People accept grim projections if they are part of the action and beneficiaries of it; everybody in the same boat; nobody thrown overboard.
That is, we crave a reason for existing, a reason beyond material consumption, a reason for tending our personal heath and bodily functions: serve other humans, serve nature, learn something not already known, do something not previously done. Make progress – but promoting life rather than poisoning it. Here’s Compression’s proposed guidance:
“Preserve essential life, as a system.”
That is, the purpose of life is more life, the perpetuating instinct of every form or life. Nothing is more basic than that. But humans have now acquired such dominance that we have to perpetuate all essential life, not just preserve our own. The paradoxical contradiction is that this is in our own self-interest.
An economic framework supporting this objective, and with parallels to Compression, is by Carl Leitz who regularly posts on Quora. He proposes “Valuenomics,” which is: Value = Nature = Life. He posits a non-profit society that regards nature as the sole source of all life. Raise and balance standards of life for all organisms. Let science and technology aid a global transformation, not inhibit it. Leitz hazards no guesstimate of population reduction, but sees that deep human transformation is urgent. This is Way Bigger than Huge. But being abstract, Carl’s posts attract few up votes.
Human transformation based on preserving all life goes by different names. Deep Ecology is one. Empathy for others is another. (Empathy Deficit Disorder was briefly a political buzz phrase that stirred debate on what it meant. Can one can have too much empathy? The debate flirted with evolving a serious new human belief system: complex, not totally consistent, and reinforced by customs.)
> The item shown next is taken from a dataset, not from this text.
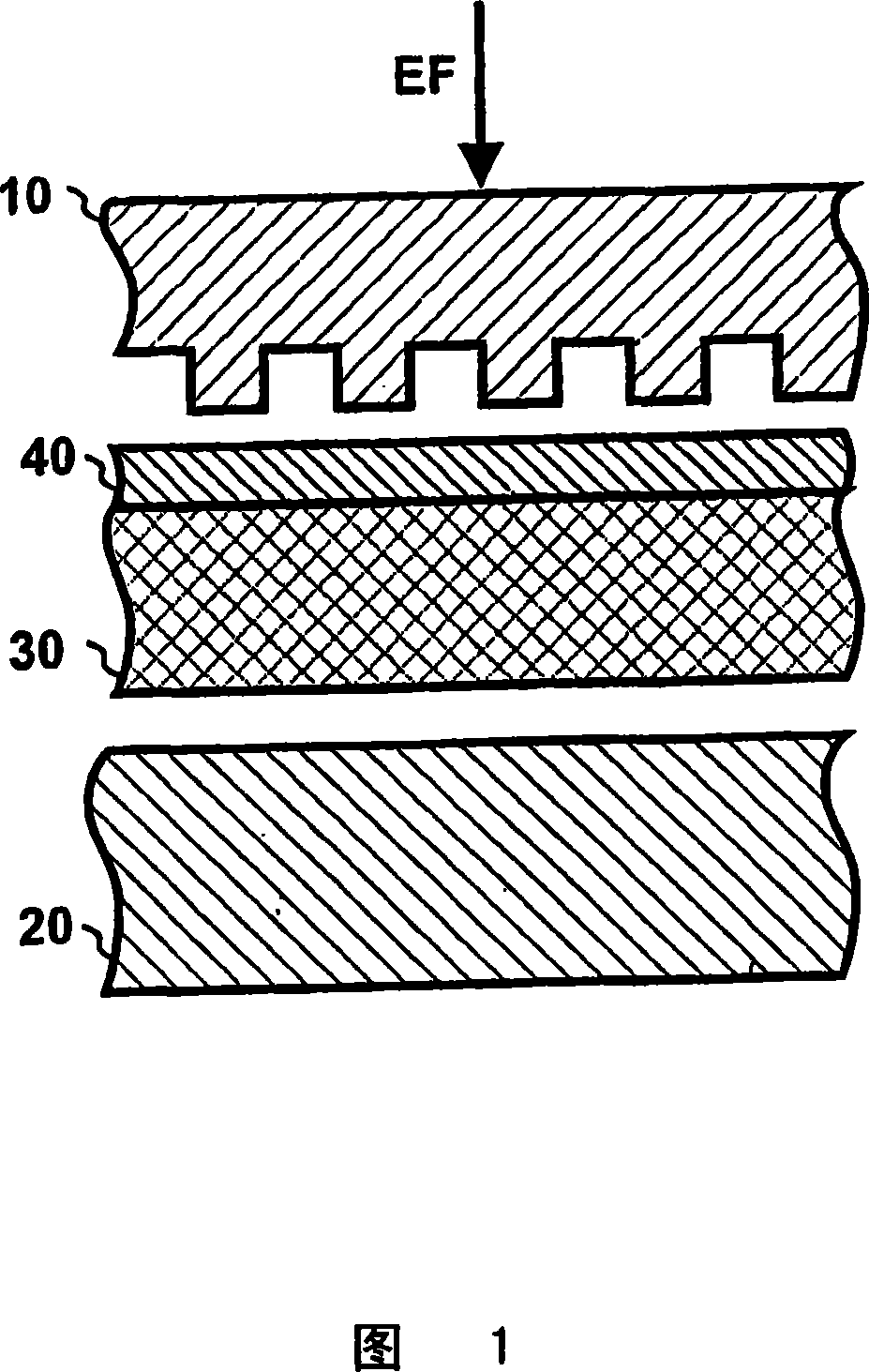 Embossing device with a deflection compensated roller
How do we alter old beliefs to evolve a new system? Learn to function by new rules – do things differently. In time we learn to believe and behave differently.
For example, can we learn to apply more strictly the Precautionary Principle, putting the proof of doing no harm on the party taking an action before they take it? Start simple. Don’t use any pesticide without examining what all it will harm.
At a bigger scale this rapidly becomes messy. The bias of American law and beliefs burdens those harmed to prove harm – after it happens. Flipping this belief system obligates us to become much better learners. Toxins and endocrine disruptors are a good example.
Toxicity is complex; causality is hard to establish. Harm may not be recognized while it is slowly accumulating, so denial is easy. For example, proof that toxins decrease male sperm counts relies on studies that are difficult to control (no kidding!). Decreases over time in some geographic areas are unmistakable, but not in others. A global trend is not evident; however, plenty of evidence ties low sperm counts to low-level exposure to a number of chemicals. A sobering thought is that we could stop overpopulating by unintentionally sterilizing humans, animals, and maybe even plants!
So how do we apply the Precautionary Principle? Researchers standing by it are adamant that we should not release into the environment any chemical that shrivels testes or develops cancers in test mice. Neither profits nor jobs are worth that risk.
Big, drastic changes await us. To navigate them, besides a new guiding star, we need to widely develop a culture of learning. We need to develop Vigorous Learning Organizations. That’s only one partial vision, but we know how to head in that direction.